Special Agent Jeff Tamini – Federal Bureau of Investigations – Interviewing Agent

Investigator Joseph Bautaglia – B.P.D. Criminalistics Section – Reviewing Officer


1. Digitally recorded interview of Jacob Drum

2. VHS Surveillance Tape of Bank of America (North NE/Delaware Ave NE)


Mr. Jacob Drum stated to Buffalo Police Officers that he had been kidnapped from Allston, MA and then sexually assaulted shortly after opening a checking account with Bank of America and subsequently overdrafting that account. After being questioned by members of the Buffalo Police Department and the Federal Bureau of Investigations, Jacob augmented his earlier statement and stated that he had, in fact, been forcibly and anally assaulted after making several attempts to reconcile his differences with the bank and their application of – in Jacob’s view – excessive overdraft fees and a “biggest check first” policy designed to generate more and greater overdraft fees.



At the listed date and time, Sergeant J. Sandman contacted me via telephone. Sergeant Sandman stated he needed my assistance in conducting an interview. The person to be interviewed was a male subject who had been missing from Allston, MA after opening a checking account at the Bank of America branch located there at Commonwealth Avenue.

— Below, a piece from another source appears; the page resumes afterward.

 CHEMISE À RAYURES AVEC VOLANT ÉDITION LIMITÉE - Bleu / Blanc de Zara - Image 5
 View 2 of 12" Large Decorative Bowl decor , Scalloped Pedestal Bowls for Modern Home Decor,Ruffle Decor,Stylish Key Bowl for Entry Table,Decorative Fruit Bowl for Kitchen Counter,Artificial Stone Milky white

Sergeant Sandman stated the subject had been located here in Buffalo for several months after the high cost of living and rampant pest animals had driven him from Allston permanently – except in the event of a championship won by the New York Yankees or a professional team from Western New York, in which event he would return briefly to gloat.

The subject had advised responding officers that he had been kidnapped and sexually assaulted by employees of Bank of America. Sergeant Sandman told me I would need to report to the intersection of North NE and Delaware Ave NE. I also needed to contact additional detectives and perhaps stop at a precinct station to pick up towels and additional first aid supplies, as there was an abundance of fluid at the scene – much more than necessary for evidence collection. I advised Sergeant Sandman I would be en route.

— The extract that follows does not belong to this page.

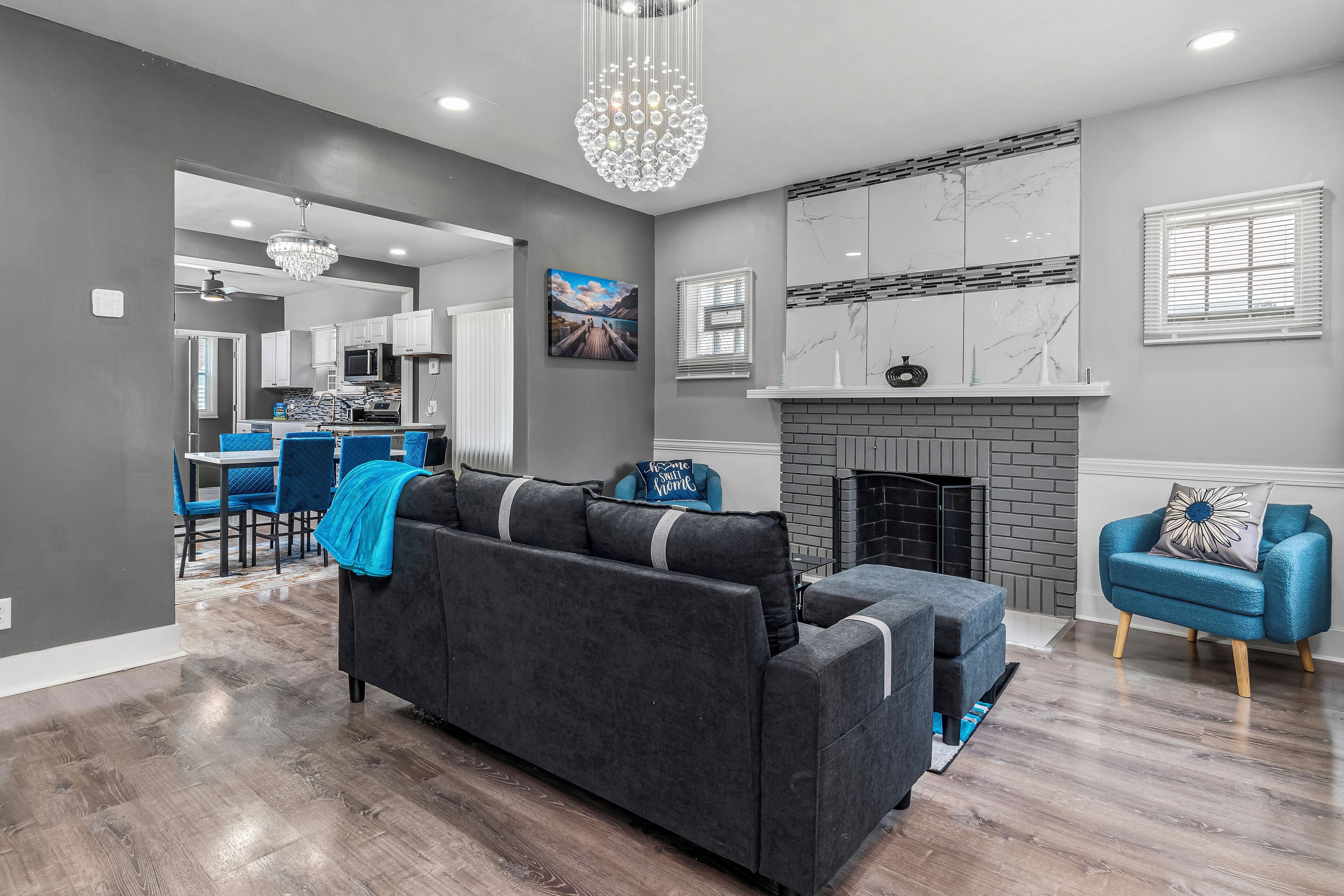 Smart-tv, eldstad och tv-spel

While en route to the intersection, I learned the male subject had been transported to Erie County Medical Center for the necessary blood transfusions, but that he was awake and speaking. When I arrived at the trauma ward, I learned that he was being interviewed by members of the FBI. At that time, Sergeant Sandman asked if I would like to sit in on the interview. I stated I would, provided the subject stopped spitting so much.

I dislike a spitter. After SARS, no man may call himself a spitter and my friend.

The following is a summary of the information obtained from Jacob during our (Sergeant Sandman and myself) involvement with the interview:

Jacob stated, he had been cleaning kitchen grease out from underneath his fingernails at the listed intersection after attempting to convince Bank of America employees (both at the local branch and via telephone hotline) that his story of personal slovenliness and fiscal irresponsibility was poignant enough to justify a remand of the overdraft fees assessed to his checking account between the dates of April 17 and May 12. He had several times made purchases using the debit card that came with his account when his recorded account balance – both available and adjusted for pending transactions – had been positive to an amount Jacob couldn’t remember because he “never keeps track of these things.” Due to the bank’s policies, transactions were recorded at seemingly arbitrary times, often far beyond the date they were made, making it an almost impossibly task – in Jacob’s view – to know, at any given time, just how much money he had to spend on frozen victuals and pornography.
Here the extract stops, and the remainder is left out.